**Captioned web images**
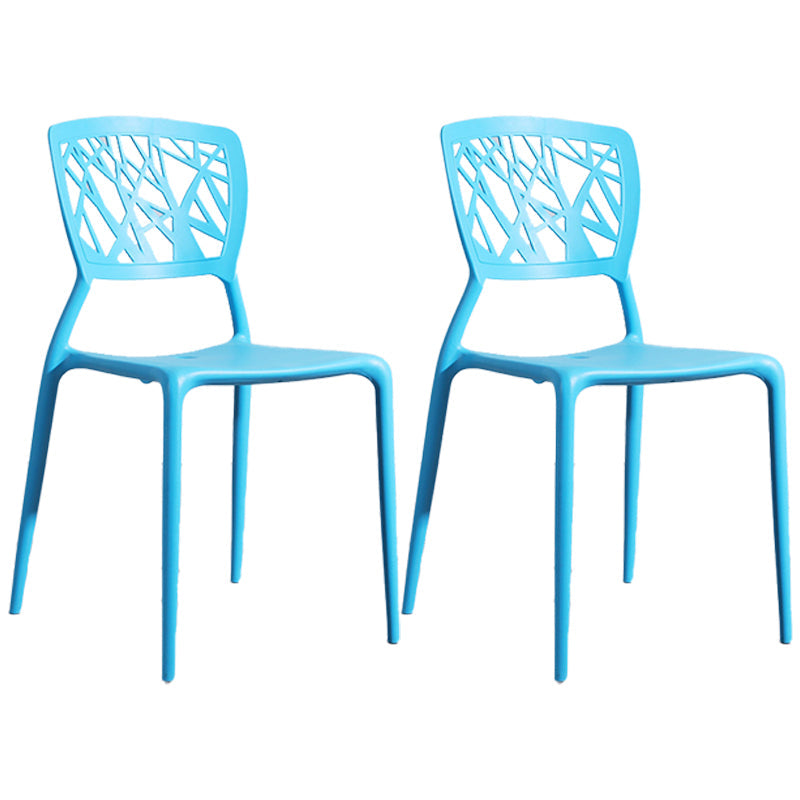 Scandinavian Plastic Kitchen and Dining Room Chair Open Back Dining Side Chair Blue 2 Piece Set Clearhalo 'Dining Chairs' 'Dining Tables & Seating' 'dining_chair' 'furn' 'furn_dining_chair' 'Furniture' 'furniture_dining_chair' 'Kitchen & Dining Furniture' 4863665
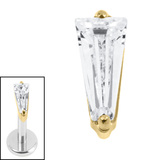 Titanium Internal Jewelled Tapered Baguette Top - SKU 74222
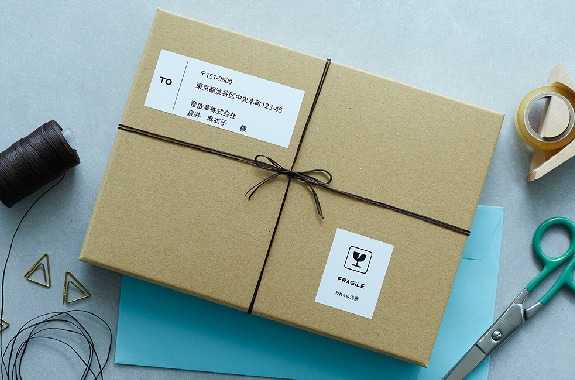 オリジナルの発送用注意ラベル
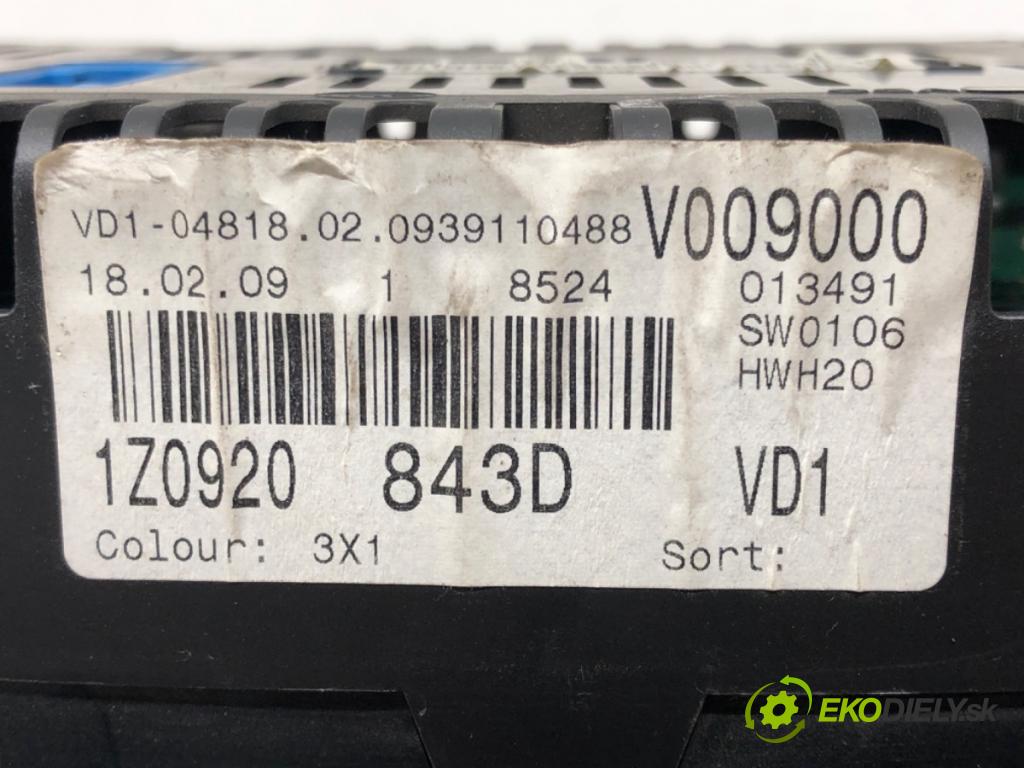 SKODA OCTAVIA II Combi (1Z5) 2004 - 2013    2.0 TDI 103 kW [140 KM] olej napędowy 2005 - 2010  Prístrojovka 1Z0920843D (Prístrojové dosky, displeje)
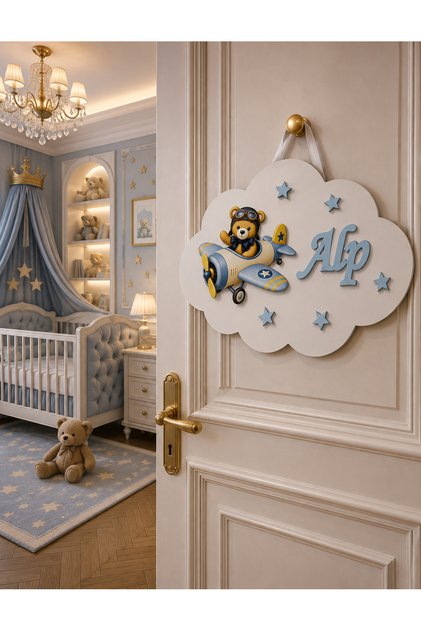 El Yapımı İsme Özel Bulut Uçaklı Ayıcık Model Bebek Kapı süsü, Hastane Süsü, Bebek İsimlik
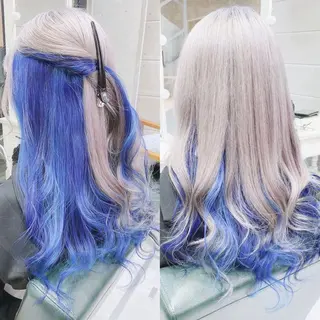 ロング カラー ヘアアレンジ 𝐑𝐈𝐍𝐊𝐀 🐣🩷のヘアスタイル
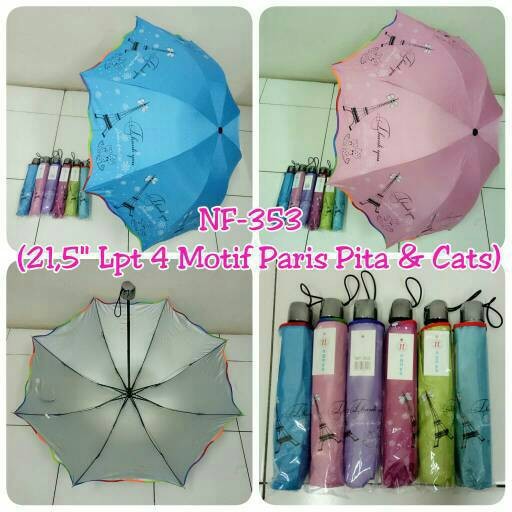 Payung Lipat 3 Motif Paris Pita dan Cat's Anti UV Premium Berkualitas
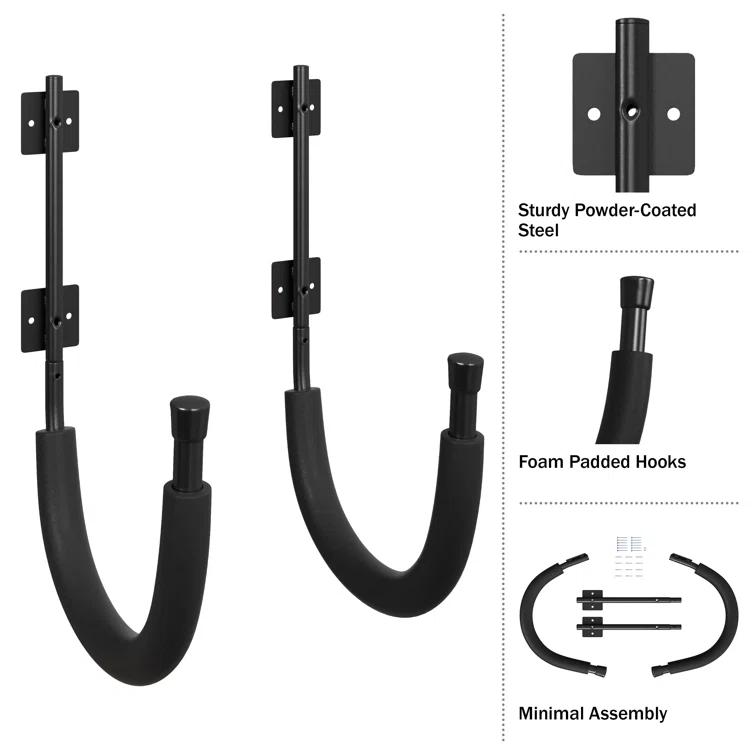 Pentagon Tool Rad Sportz Kayak Storage Rack - 100lb Capacity Kayak Wall Mount Hangers for Paddleboards, Surfboards, or Snowboards - For Garage or Shed 2030 Kayak Wall Hangers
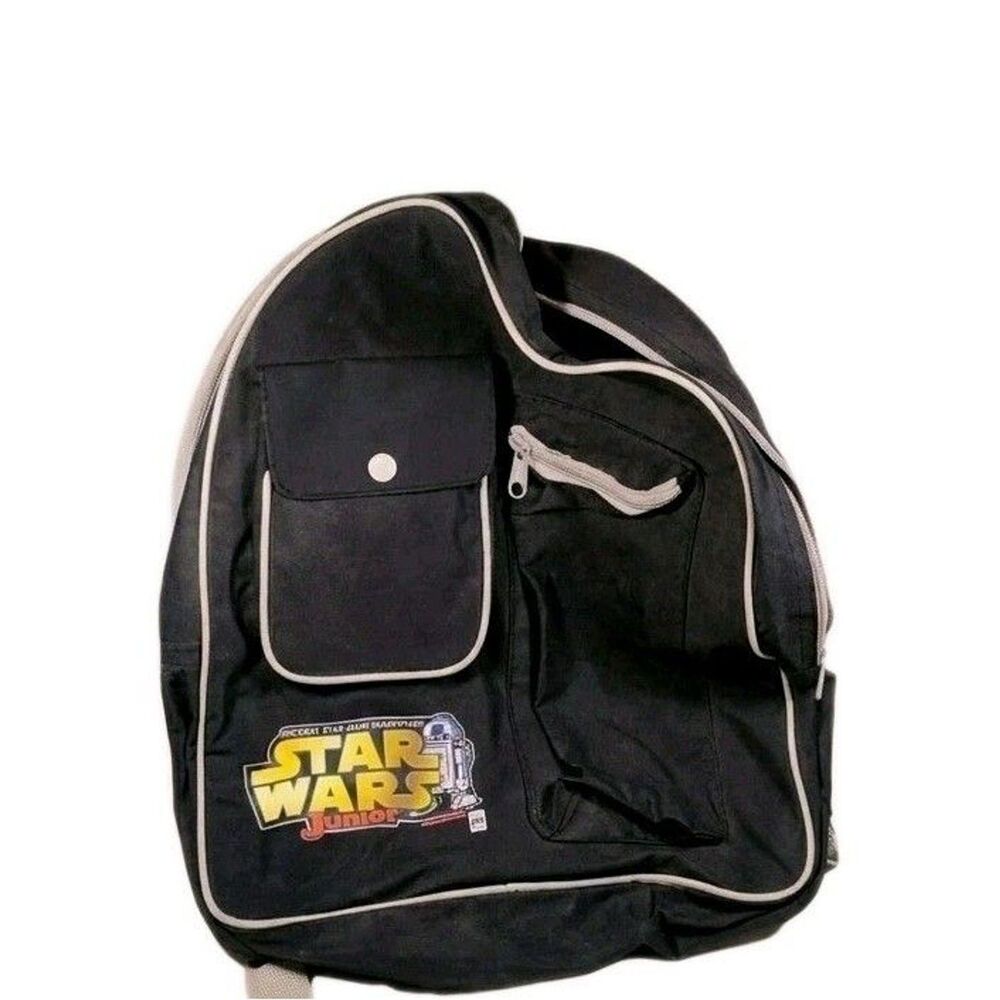Vintage 1999 Star Wars Junior Backpack R2D2 Black School Book Bag Kids Lucasfil
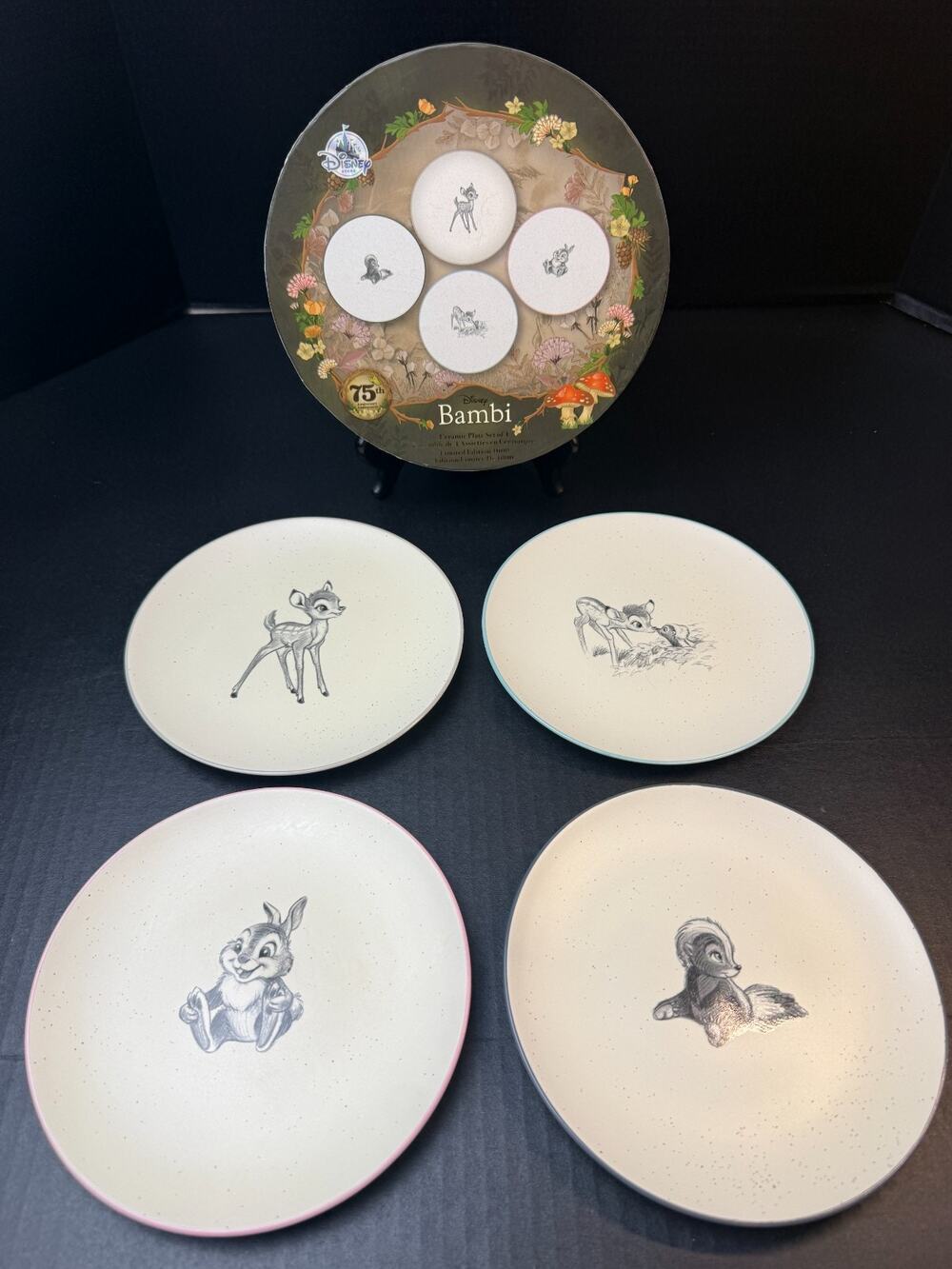 Bambi 75th Anniversary 4 Dessert Plate Set Disney Store Bambi Thumper Flower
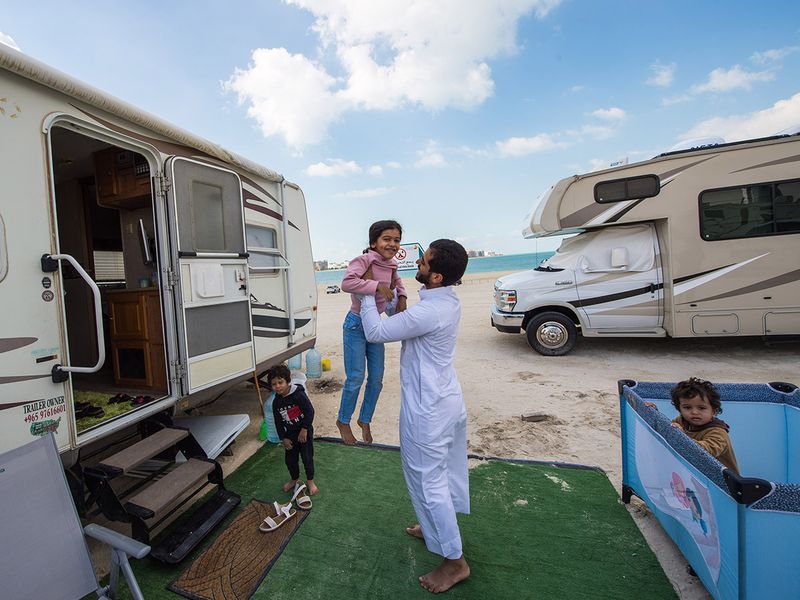 Look pre-COVID caravan camping life on Dubai beach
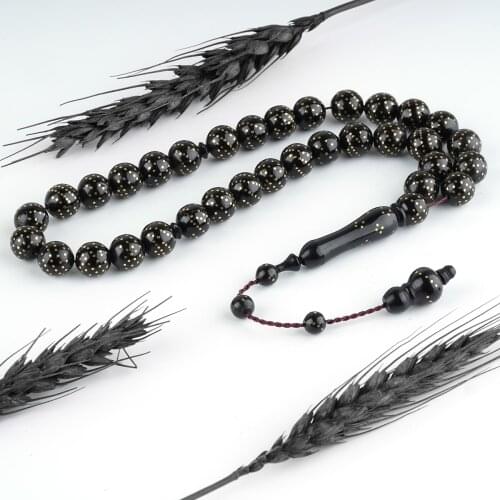 Rosary 33 beads of coke wood stone inlaid with original silver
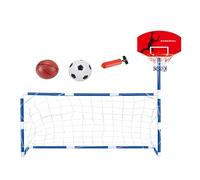 Pruojhw - Cesta de baloncesto interior para niños pequeños, centro deportivo 2 en 1, juguete regalo de cumpleaños para 3, 4, 5, 6, 7, 8, 9 años, niños, niñas, regalos de fiesta de Navidad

**BRIEF**
A picture-free version of all the records, repeated exactly, is what to return.

**ANSWER SPACE**
 Scandinavian Plastic Kitchen and Dining Room Chair Open Back Dining Side Chair Blue 2 Piece Set Clearhalo 'Dining Chairs' 'Dining Tables & Seating' 'dining_chair' 'furn' 'furn_dining_chair' 'Furniture' 'furniture_dining_chair' 'Kitchen & Dining Furniture' 4863665
 Titanium Internal Jewelled Tapered Baguette Top - SKU 74222
 オリジナルの発送用注意ラベル
 SKODA OCTAVIA II Combi (1Z5) 2004 - 2013    2.0 TDI 103 kW [140 KM] olej napędowy 2005 - 2010  Prístrojovka 1Z0920843D (Prístrojové dosky, displeje)
 El Yapımı İsme Özel Bulut Uçaklı Ayıcık Model Bebek Kapı süsü, Hastane Süsü, Bebek İsimlik
 ロング カラー ヘアアレンジ 𝐑𝐈𝐍𝐊𝐀 🐣🩷のヘアスタイル
 Payung Lipat 3 Motif Paris Pita dan Cat's Anti UV Premium Berkualitas
 Pentagon Tool Rad Sportz Kayak Storage Rack - 100lb Capacity Kayak Wall Mount Hangers for Paddleboards, Surfboards, or Snowboards - For Garage or Shed 2030 Kayak Wall Hangers
Vintage 1999 Star Wars Junior Backpack R2D2 Black School Book Bag Kids Lucasfil
 Bambi 75th Anniversary 4 Dessert Plate Set Disney Store Bambi Thumper Flower
 Look pre-COVID caravan camping life on Dubai beach
 Rosary 33 beads of coke wood stone inlaid with original silver
 Pruojhw - Cesta de baloncesto interior para niños pequeños, centro deportivo 2 en 1, juguete regalo de cumpleaños para 3, 4, 5, 6, 7, 8, 9 años, niños, niñas, regalos de fiesta de Navidad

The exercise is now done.